Jerome David Salinger started writing short story in secondary school. His most notable work “The Catcher in the Rye”, published on 1951, was recognized as one of the best novels of the 20th century. Written and published originally for adults, the book portrays the complexities, alienation, and identity crisis in teenage life.
The “Catcher in the Rye” received much recognition. The former president George W. Bush expressed his pleasure in reading the book remarking “[it’s] a marvelous book”, and among the one’s which influence him.
Some noted the inspiration which the book brought forth even after its time:
“as the defining work on what it is like to be a teenager.
Holden is at various times disaffected, disgruntled, alienated,
isolated, directionless, and sarcastic.”
Finlo Rohrer of BBC
J.D. Salinger’s novel had completely earned him much respect. But despite its wide recognition and awards, “The Catcher in the Rye” also received criticism.
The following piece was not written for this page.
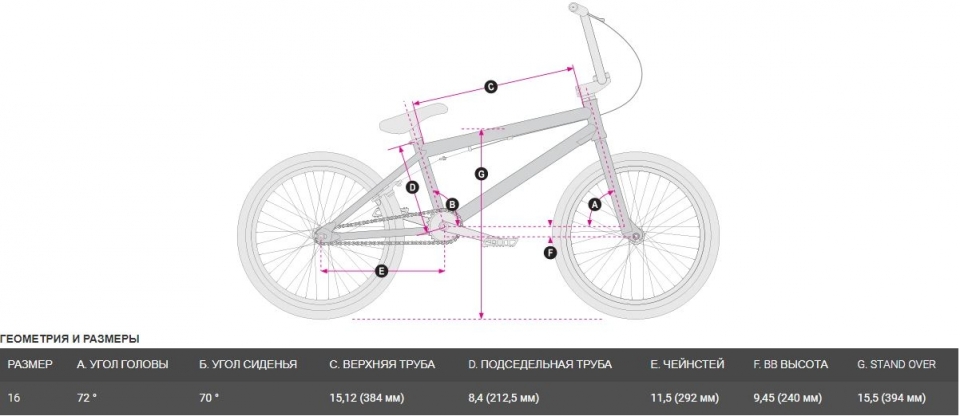    HARO Shredder 16 Boys  2021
The short novel contains much of the colloquial speech of the teenagers from that time and was challenged for its profanity and sexual content. From the book one could read 237 “goddam,” 58 “bastard,” 31 appearances of “Chrissake,” and 6 “fuck.” Furthermore, according to American Library Association, this book was listed as the tenth most frequently challenged book during 1990-1999.
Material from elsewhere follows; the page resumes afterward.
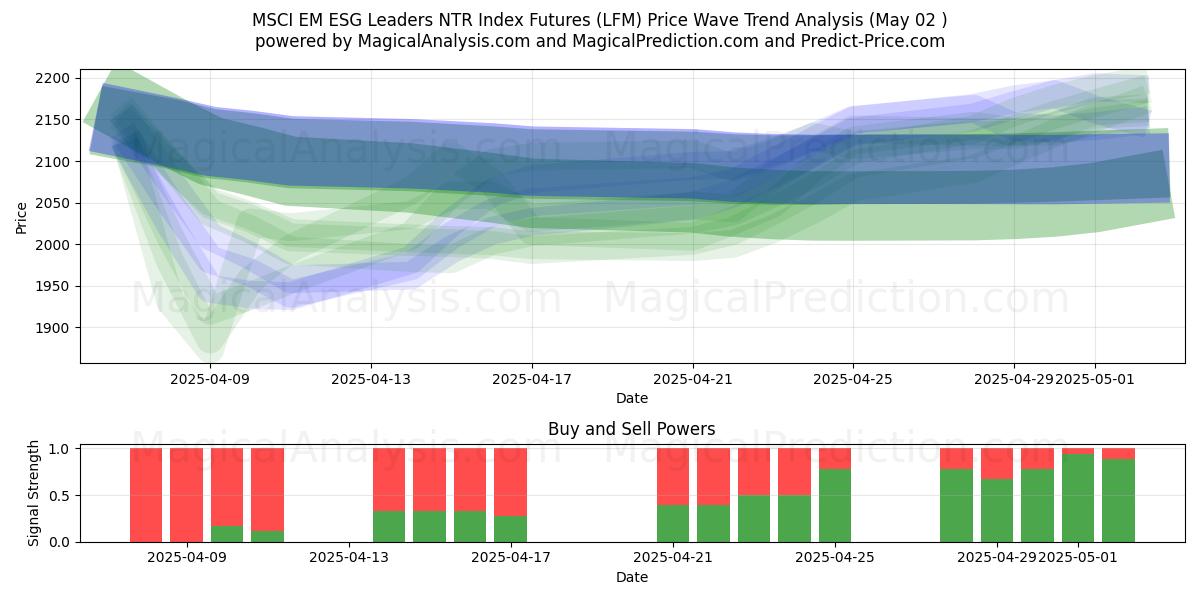 Futuros del índice MSCI EM ESG Leaders NTR (LFM) Support and Resistance area (02 May) Futuros del índice MSCI EM ESG Leaders NTR (LFM) Support and Resistance area (02 May)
The story features 16 year old Holden Caulfield who found himself in constant displeasure in the ‘phoniness’ of the adolescent life. Holden tells a story which is about an adventure he went through from having teenage identity crisis. After being suspended from his school and a fight with his friend, Holden goes to New York. There, his sexuality as an adolescent was challenged. Jumping from his hotel to a nightclub, he attempted to lose his virginity.
He meets with his ex-girlfriend and asks her to run away with him. She refused him and their meeting end up with more misery for Holden. After his drunkenness and misery from seeking the phoniness he hated, Holden went back to his parent’s apartment and meet his sister. There he envisions himself to be the catcher in the rye after his own interpretation of Robert Burn’s “Coming through the Rye”. He thinks of himself as a person to catch young people from losing their innocence.
After finding out of this vision, he tackles this with his former English teacher. Mr. Antolini, his professor explained that the mark of the mature man to live humbly for a cause, rather than die nobly for it. Holden woke up the next morning with his professor patting his head in a manner which is ‘flitty’ for him a homosexual behavior. Finally, Holden decided to leave and head out west; his sister who wanted to come with him, changes his mind. The story ended with Holden reminding readers that sharing people of their experience would cause them to miss those who might have shared in the same story.
While realistically depicting the teenage life, the rebellion and angst of a young age, the book was challenged by many controversies. Though it is best read by young adults, the “Catcher in the Rye” was censored in high schools and libraries in the U.S. between 1961 and 1982.